Pricing starts at $105,000 for an xDrive40i model with a 335-hp turbo six-cylinder engine. At the other end of the range is the Alpina XB7, powered by a 612-hp V8 and priced at $171,000.
Jeep Grand Wagoneer
With the Grand Wagoneer, Jeep revives a dormant nameplate in an effort to establish itself as one of the premier makers of luxury three-row SUVs.
To this point, Jeep’s upscale aspirations ended with the Grand Cherokee, so the larger Grand Wagoneer (there’s also a more affordable version simply called Wagoneer) is a big stretch, literally and figuratively.
The Grand Wagoneer’s boxy shape telegraphs its ability to seat people with reasonable comfort in all three rows. But perhaps more pertinent to today’s luxury vehicle marketplace, the Grand Wagoneer is loaded with tech. There are standard screens for the driver’s gauges and centre stack infotainment, and you can option in a front passenger-side display and two more for second-row passengers. Another standout feature is an optional McIntosh stereo whose 23 speakers crank out 1,375 watts of audio power.
Jeep’s largest offering starts at $101,995 with a 471-hp V8, and the price only goes up until you reach the top Series III trim at $121,995.

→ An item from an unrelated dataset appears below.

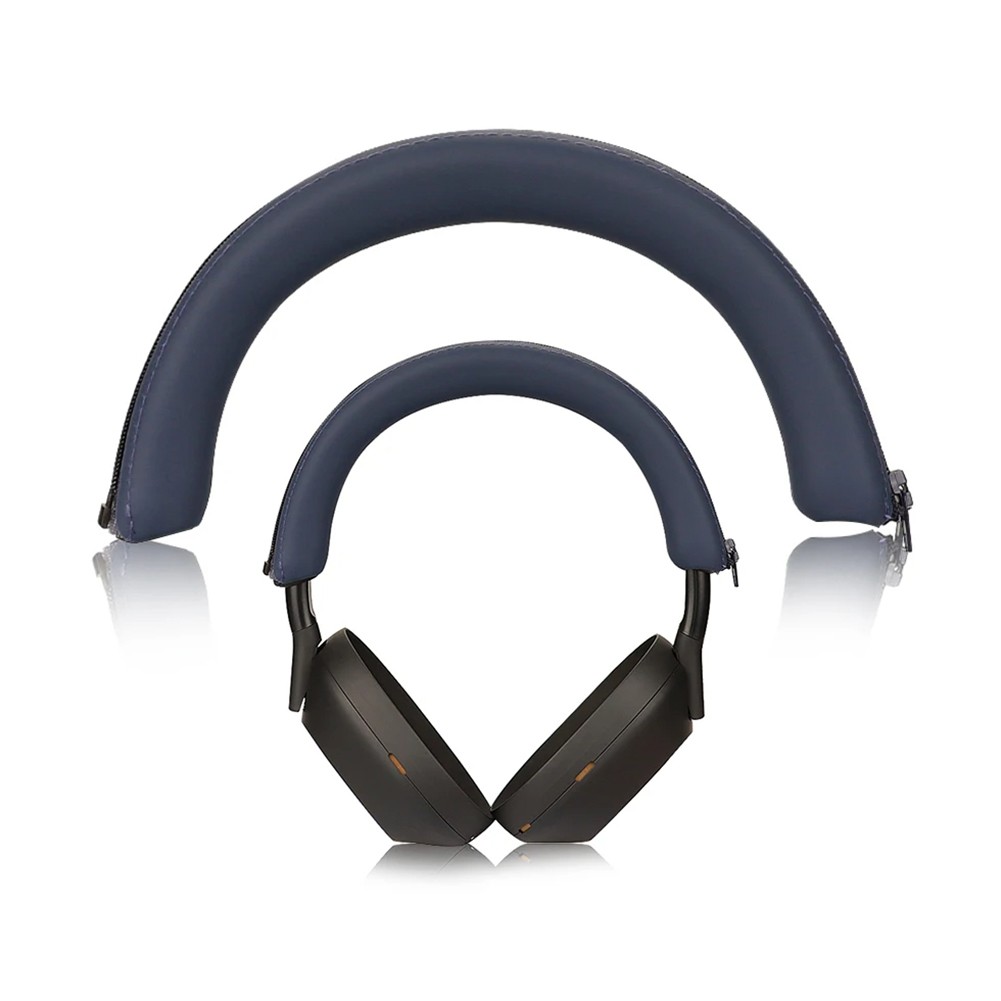 Housse bandeau ajust��e confortable et s��curis��e pour Sony WH1000XM5 Profitez - Photo 31/36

With 440 hp and 510 lb-ft of torque, Lincoln’s turbocharged 3.5L V6 is one of the most powerful engines in this class despite its modest displacement. That torque contributes to a tow rating of more than 3,700 kg, while the engine’s smaller size makes for better fuel economy than many V8-powered competitors.
The Navigator’s other plus is its surprisingly tight turning circle, which aids maneuverability in tight parking lots.
While it’s an excellent large SUV, its styling is a bit dated compared to other large three-row SUVs, especially when parked next to its prime domestic competitor, the newer Cadillac Escalade. The cabins of many other big luxury utilities also look and feel more modern.
Ultimately, while the Navigator is easy to like once you’ve spent some time with it, it doesn’t make as positive a first impression as the other trucks in the luxury full-size group.
Navigator pricing starts at $102,500, and runs to $105,750 for the larger Navigator L configuration.